Begin at the line below that holds "Mens Spec 73 Metal T-Shirt" and end at the line that holds "Preparing for the", transcribing each line exactly and skipping any picture.
** Data to examine follows **
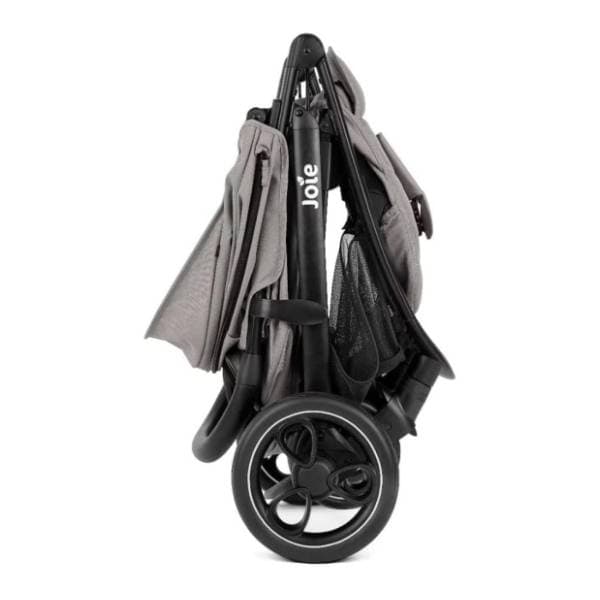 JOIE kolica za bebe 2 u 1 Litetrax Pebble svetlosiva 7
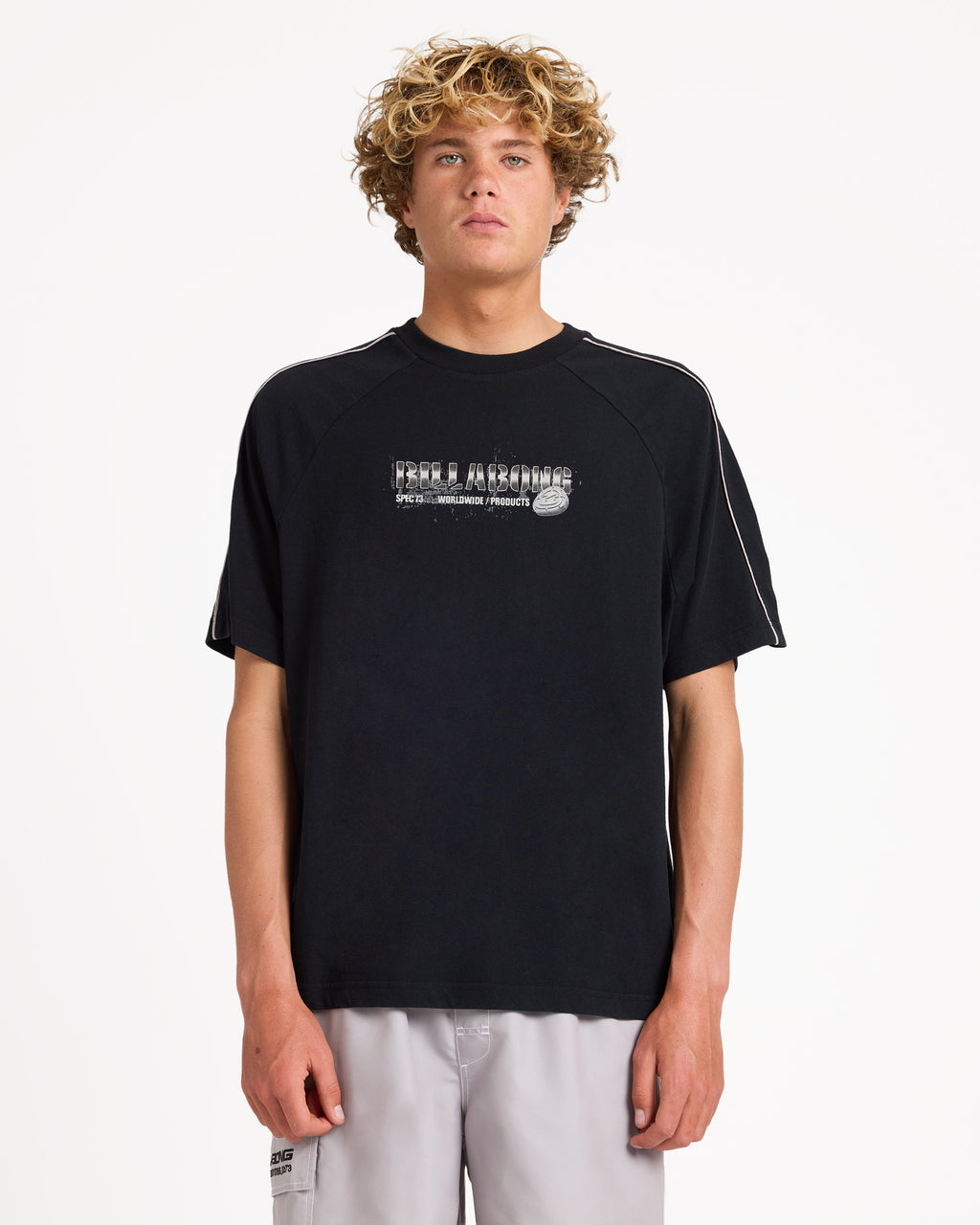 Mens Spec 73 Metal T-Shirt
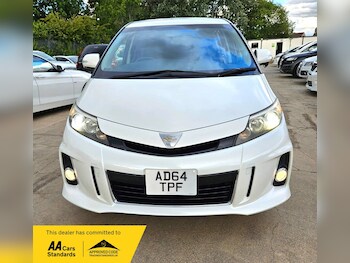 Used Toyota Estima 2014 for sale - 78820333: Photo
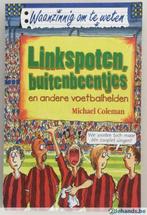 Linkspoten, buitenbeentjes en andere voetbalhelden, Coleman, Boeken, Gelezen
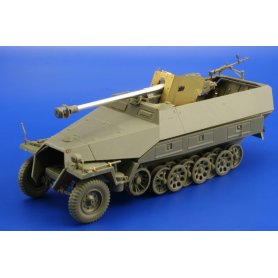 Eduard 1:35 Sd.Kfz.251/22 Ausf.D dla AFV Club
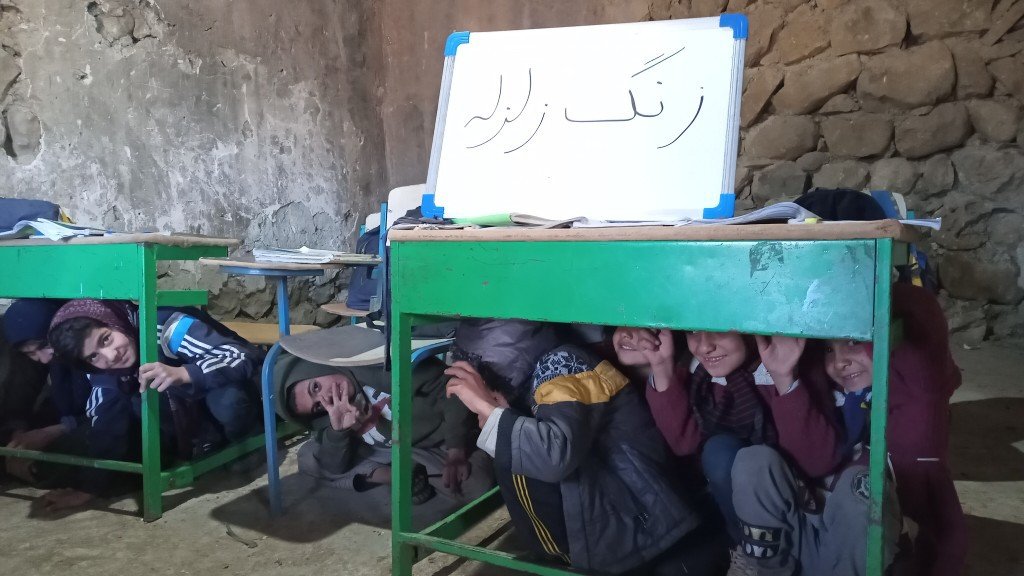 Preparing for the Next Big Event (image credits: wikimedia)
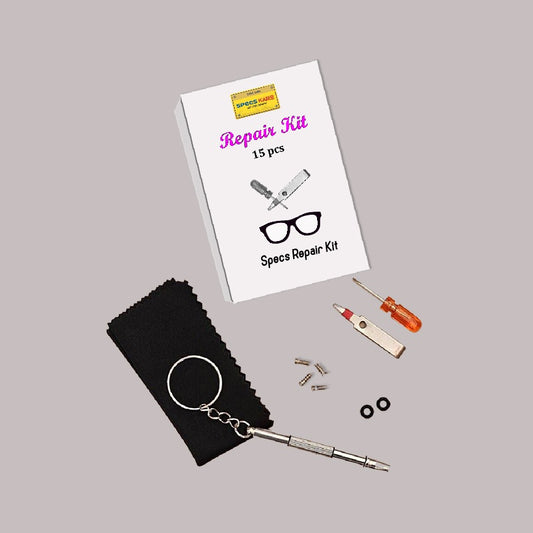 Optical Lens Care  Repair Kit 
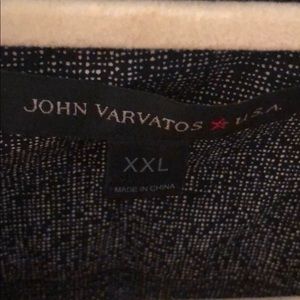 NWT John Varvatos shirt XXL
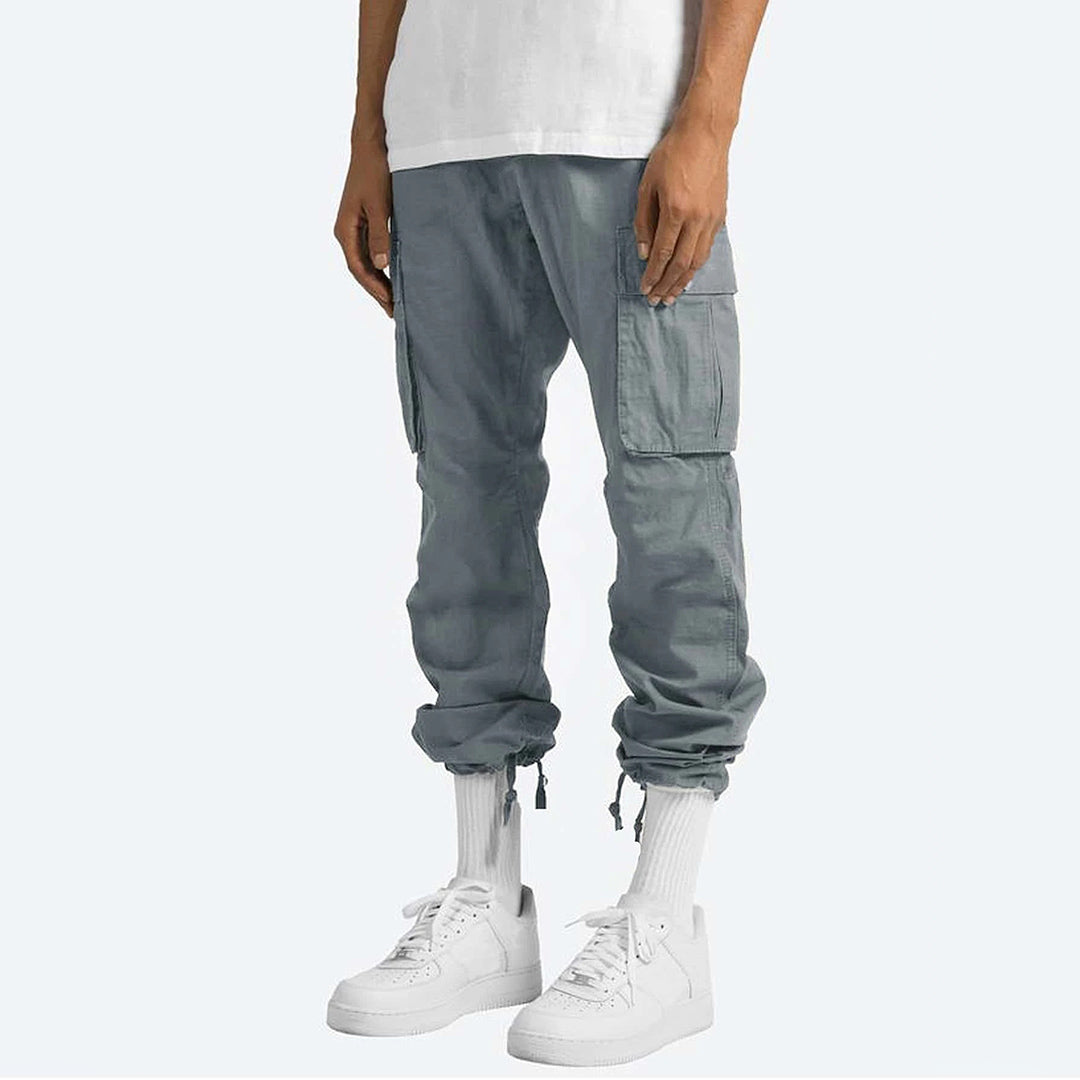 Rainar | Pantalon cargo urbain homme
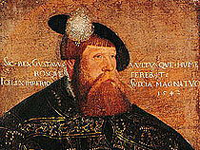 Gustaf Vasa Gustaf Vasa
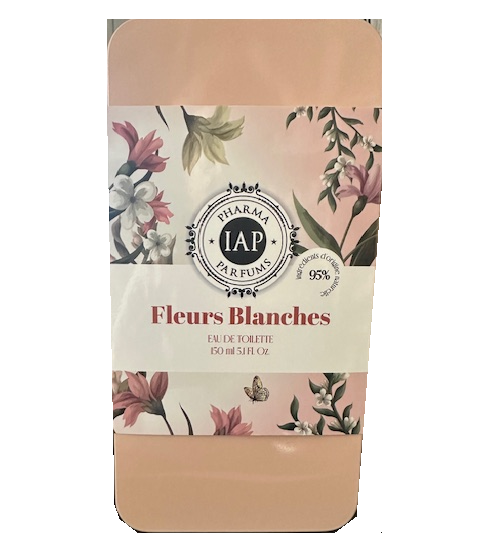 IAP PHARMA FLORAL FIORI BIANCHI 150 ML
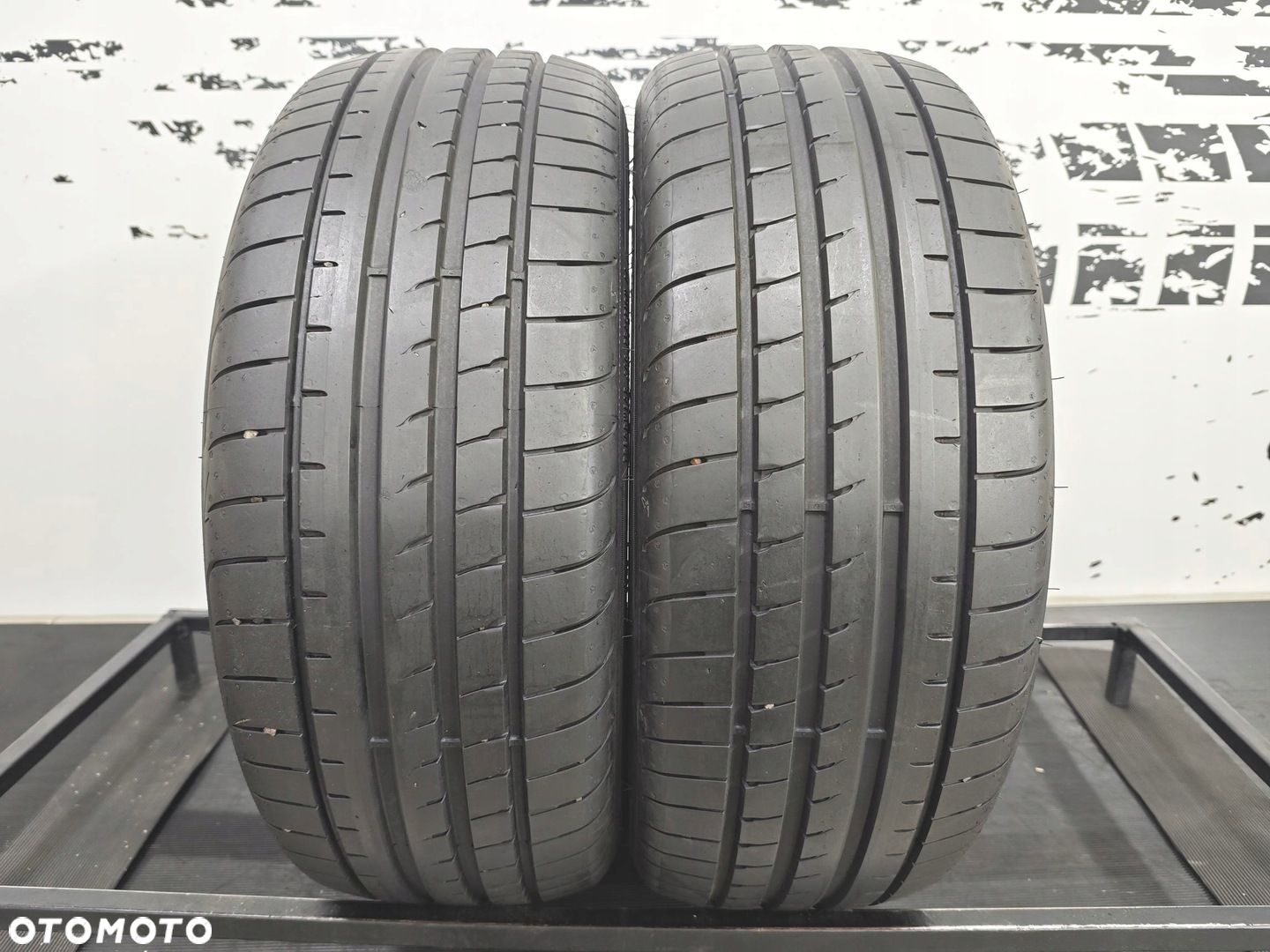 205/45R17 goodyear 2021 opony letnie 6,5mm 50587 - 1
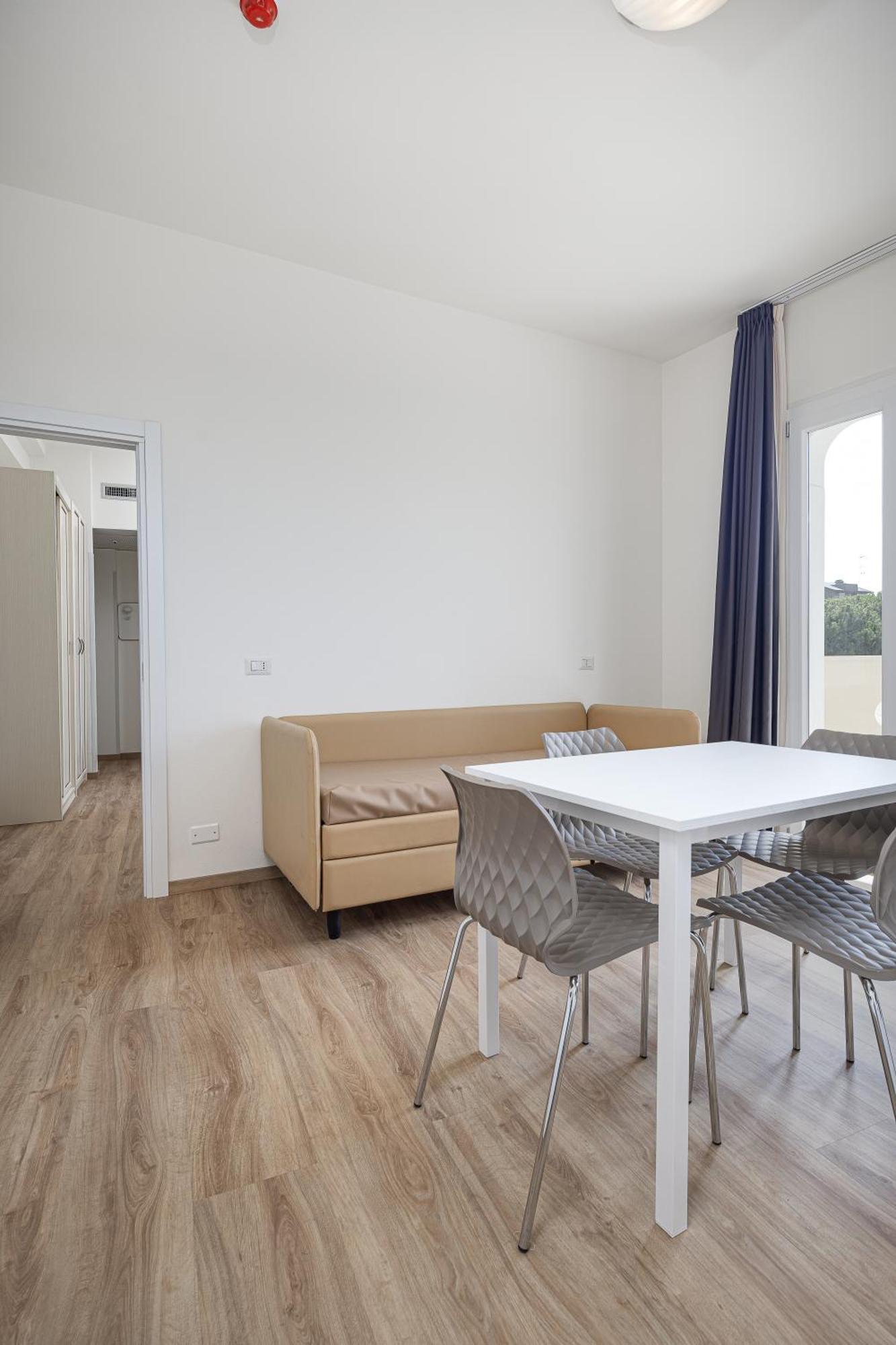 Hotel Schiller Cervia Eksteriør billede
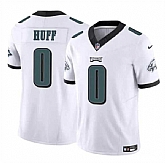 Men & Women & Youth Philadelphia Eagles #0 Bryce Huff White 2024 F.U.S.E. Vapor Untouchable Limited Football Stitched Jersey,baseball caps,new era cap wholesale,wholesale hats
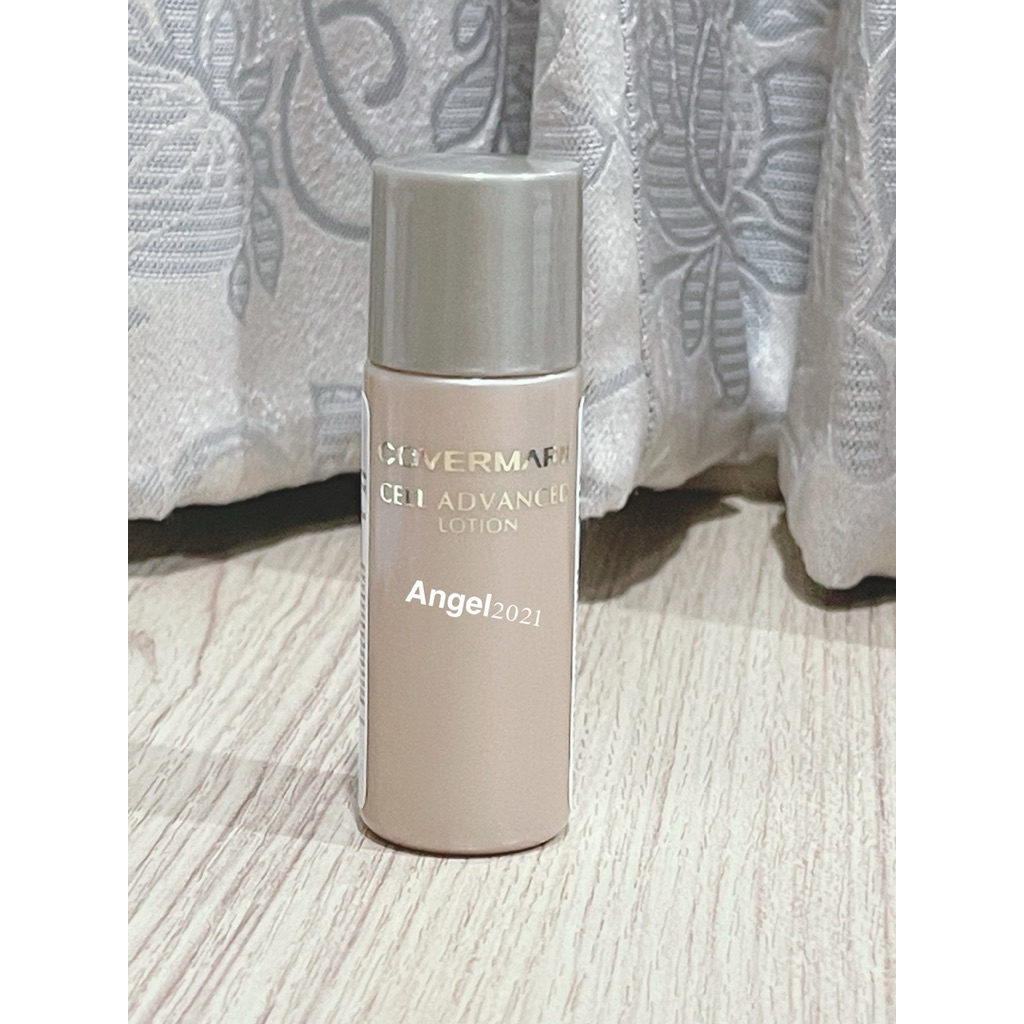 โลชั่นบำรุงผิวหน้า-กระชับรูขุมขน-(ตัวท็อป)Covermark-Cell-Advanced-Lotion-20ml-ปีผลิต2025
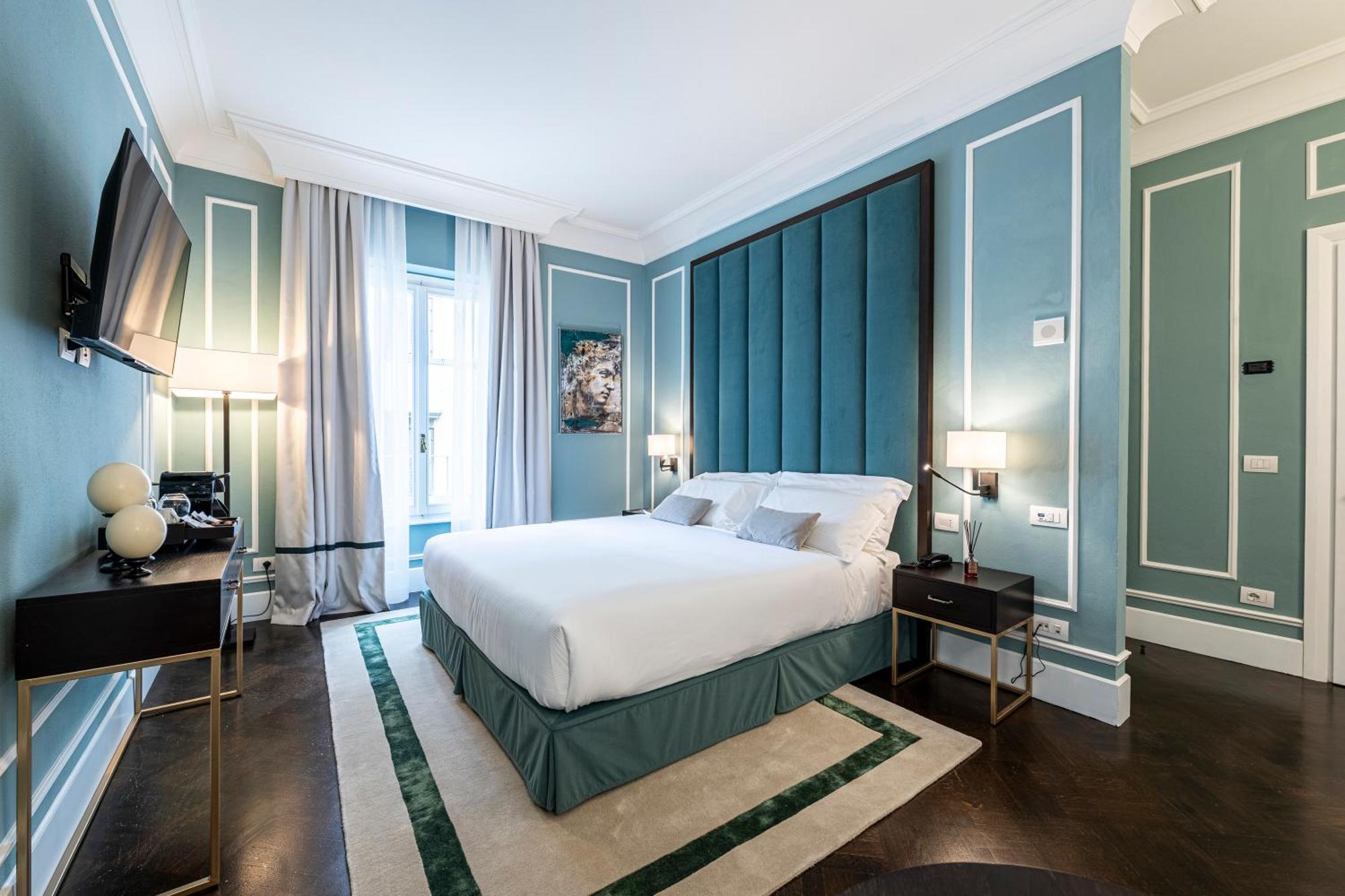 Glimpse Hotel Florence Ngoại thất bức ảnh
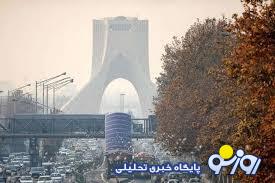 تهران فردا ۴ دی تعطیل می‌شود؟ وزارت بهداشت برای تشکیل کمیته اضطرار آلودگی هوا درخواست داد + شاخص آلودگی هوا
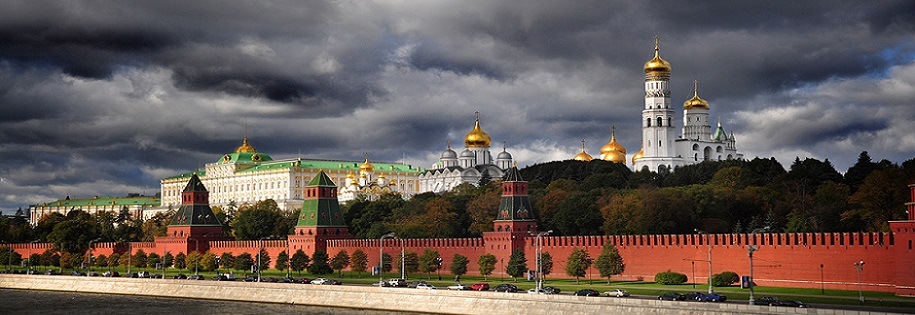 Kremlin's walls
** End of Data to examine **
- **Result of this exercise**
 Mens Spec 73 Metal T-Shirt
 Used Toyota Estima 2014 for sale - 78820333: Photo
 Linkspoten, buitenbeentjes en andere voetbalhelden, Coleman, Boeken, Gelezen
 Eduard 1:35 Sd.Kfz.251/22 Ausf.D dla AFV Club
 Preparing for the Next Big Event (image credits: wikimedia)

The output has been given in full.